Return exactly the lines from the "如何高效寻找领导人？PPT制作技巧有哪些？" line through the last line of the entries below. Include no pictures.

#### [INPUT DATA]
■ ■ ■ ■

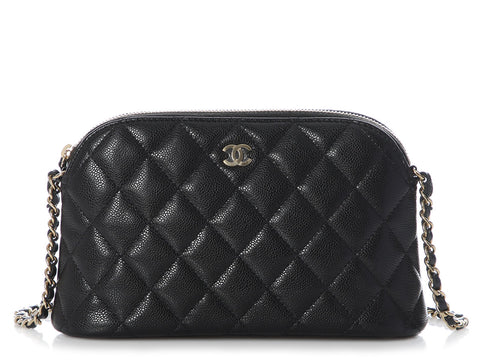 Chanel Black Quilted Caviar 24A Clutch with Chain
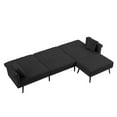 thumbnail image 6 of Convertible Sectional Sofa Bed,Modern Upholstered L Shaped Sofa Couch with Movable Ottoman,Velvet Futon Sleeper Sofa with Nailhead Trim and Solid Wood Legs for Living Room Apartment Office,Black, 6 of 7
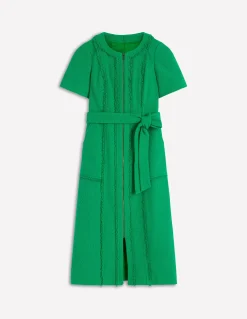 Boden Tenues De Travail|Robes & Combinaisons-Robe texturée Ruth à fermeture zippée Vert des Highlands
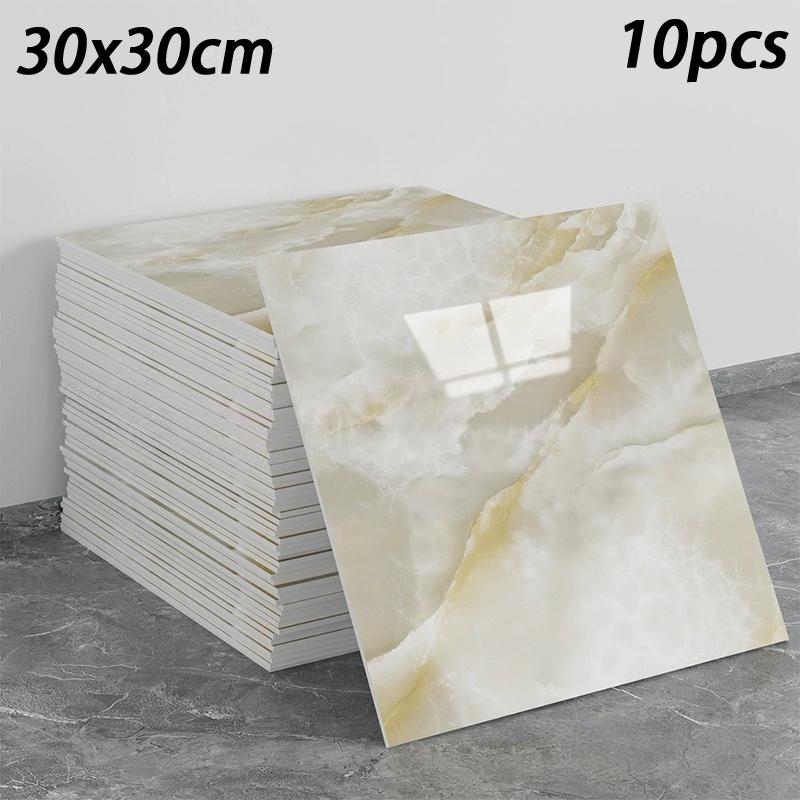 10Pcs Marble Wallpaper Super Strong Adhesive Waterproof Sticker For Bathroom Kitchen Decor Design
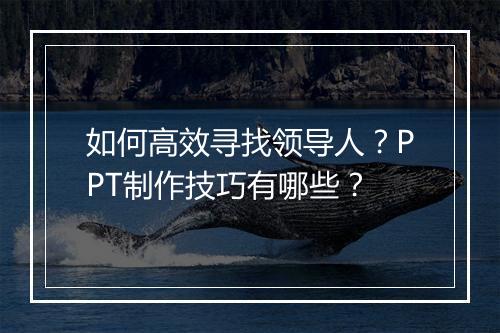 如何高效寻找领导人？PPT制作技巧有哪些？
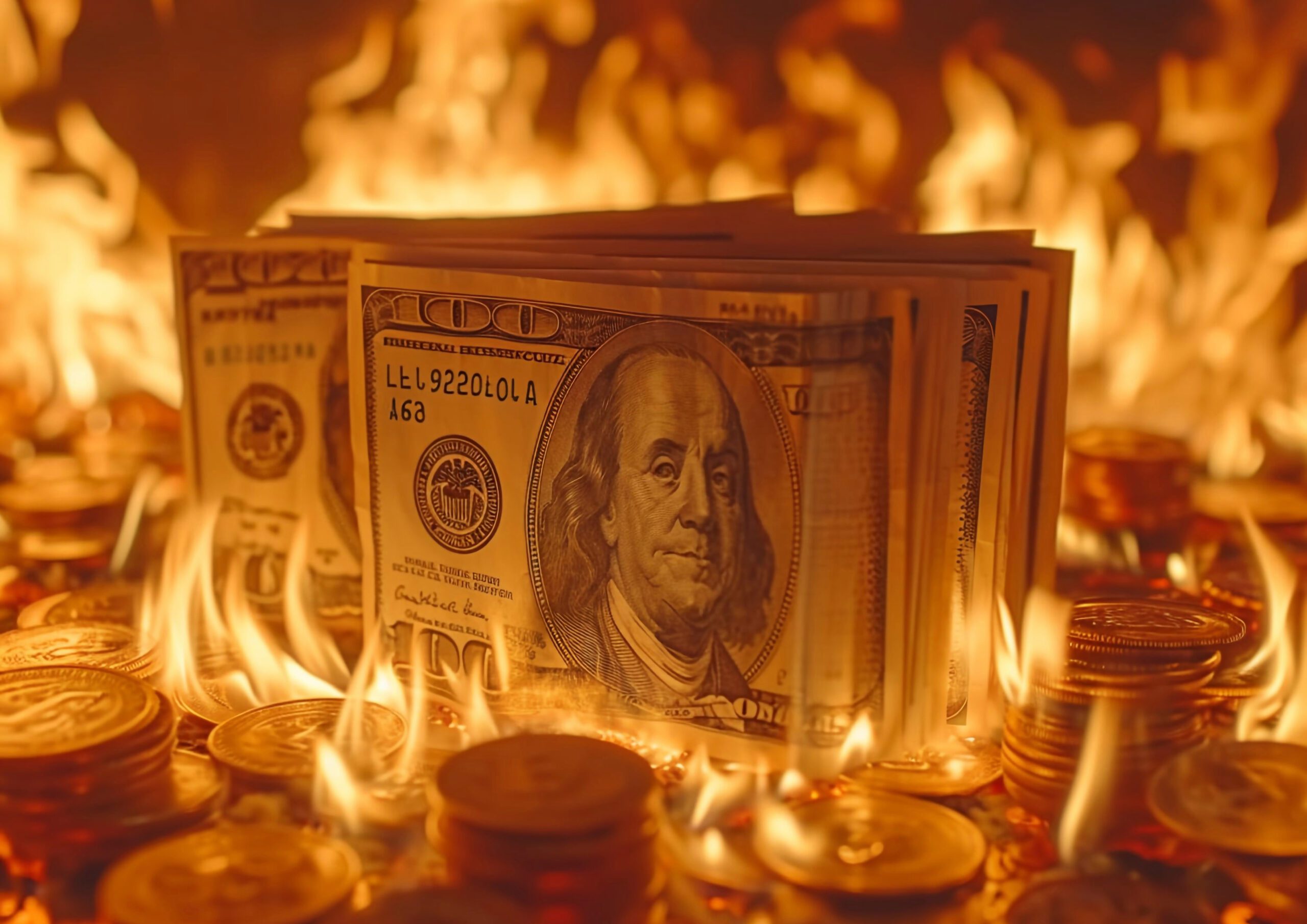 Dollar currency bancnote on fire as economic crisis conceptMacroAI Generative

■ ■ ■ ■

#### [RESULT FOR THIS TASK]
 如何高效寻找领导人？PPT制作技巧有哪些？
 Dollar currency bancnote on fire as economic crisis conceptMacroAI Generative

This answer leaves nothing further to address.